Saturday, August 2, 2008

Running While Black


Bob Herbert exemplifies hard-hitting, unabashed opinion column writing. This column is so very much on the mark, it makes pieces written by other columnists seem trivial.

Gee, I wonder why, if you have a black man running for high public office — say, Barack Obama or Harold Ford — the opposition feels compelled to run low-life political ads featuring tacky, sexually provocative white women who have no connection whatsoever to the black male candidates.

That sets the stage, as it were. Why, I wondered, when the McCain campaign run the infamous celebrity ad this past week, did they choose Britney and Paris? Why not Angeline, or Brad?

Now, from the hapless but increasingly venomous McCain campaign, comes the slimy Britney Spears and Paris Hilton ad. The two highly sexualized women (both notorious for displaying themselves to the paparazzi while not wearing underwear) are shown briefly and incongruously at the beginning of a commercial critical of Mr. Obama.

The Republican National Committee targeted Harold Ford with a similarly disgusting ad in 2006 when Mr. Ford, then a congressman, was running a strong race for a U.S. Senate seat in Tennessee. The ad, which the committee described as a parody, showed a scantily clad woman whispering, “Harold, call me.”

That ad helped Ford lose; it was despicable.

Both ads were foul, poisonous and emanated from the upper reaches of the Republican Party. (What a surprise.) Both were designed to exploit the hostility, anxiety and resentment of the many white Americans who are still freakishly hung up on the idea of black men rising above their station and becoming sexually involved with white women.

Consciously, or subconsciously, that is the fear that is being addressed: uppity black men taking white women sexually.

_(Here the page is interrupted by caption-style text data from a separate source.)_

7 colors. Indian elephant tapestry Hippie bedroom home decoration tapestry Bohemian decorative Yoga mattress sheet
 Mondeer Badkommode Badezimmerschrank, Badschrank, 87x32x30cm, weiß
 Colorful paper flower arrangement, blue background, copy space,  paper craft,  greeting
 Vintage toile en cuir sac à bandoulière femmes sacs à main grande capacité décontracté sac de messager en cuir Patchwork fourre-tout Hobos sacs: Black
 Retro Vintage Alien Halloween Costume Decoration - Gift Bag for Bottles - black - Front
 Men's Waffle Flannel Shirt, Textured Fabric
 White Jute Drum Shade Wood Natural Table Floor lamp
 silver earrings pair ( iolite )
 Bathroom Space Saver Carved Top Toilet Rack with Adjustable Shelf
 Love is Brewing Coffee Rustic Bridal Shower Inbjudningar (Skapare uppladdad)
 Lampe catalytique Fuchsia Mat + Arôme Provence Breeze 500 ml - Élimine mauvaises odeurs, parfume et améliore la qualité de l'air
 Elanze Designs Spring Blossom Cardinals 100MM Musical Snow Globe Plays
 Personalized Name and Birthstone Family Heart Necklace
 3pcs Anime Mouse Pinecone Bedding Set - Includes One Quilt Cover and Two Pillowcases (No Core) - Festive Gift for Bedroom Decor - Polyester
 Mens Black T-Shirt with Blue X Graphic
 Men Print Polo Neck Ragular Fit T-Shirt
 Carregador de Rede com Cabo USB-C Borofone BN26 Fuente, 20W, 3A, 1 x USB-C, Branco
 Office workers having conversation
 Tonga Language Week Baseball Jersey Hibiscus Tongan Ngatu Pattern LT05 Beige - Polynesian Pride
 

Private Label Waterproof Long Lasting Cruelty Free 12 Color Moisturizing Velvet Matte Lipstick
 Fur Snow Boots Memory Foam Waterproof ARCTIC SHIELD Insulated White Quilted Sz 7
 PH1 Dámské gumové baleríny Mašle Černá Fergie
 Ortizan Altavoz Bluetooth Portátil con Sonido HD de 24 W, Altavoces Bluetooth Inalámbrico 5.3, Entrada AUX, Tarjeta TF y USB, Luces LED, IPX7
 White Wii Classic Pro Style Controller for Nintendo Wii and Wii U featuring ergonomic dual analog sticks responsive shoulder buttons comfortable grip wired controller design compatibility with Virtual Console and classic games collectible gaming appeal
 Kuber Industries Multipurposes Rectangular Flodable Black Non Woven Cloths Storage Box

Mr. Obama has to endure these grotesque insults with a smile and heroic levels of equanimity. The reason he has to do this — the sole reason — is that he is black.

If he complains, he'll come across as a whiner, be charged with inventing slights, with not addressing important issues.

Whatever you think about Barack Obama, he does not want the race issue to be front and center in this campaign. Every day that the campaign is about race is a good day for John McCain. So I guess we understand Mr. McCain’s motivation.

Nevertheless, it’s frustrating to watch John McCain calling out Barack Obama on race. Senator Obama has spoken more honestly and thoughtfully about race than any other politician in many years. Senator McCain is the head of a party that has viciously exploited race for political gain for decades.

He’s obviously more than willing to continue that nauseating tradition.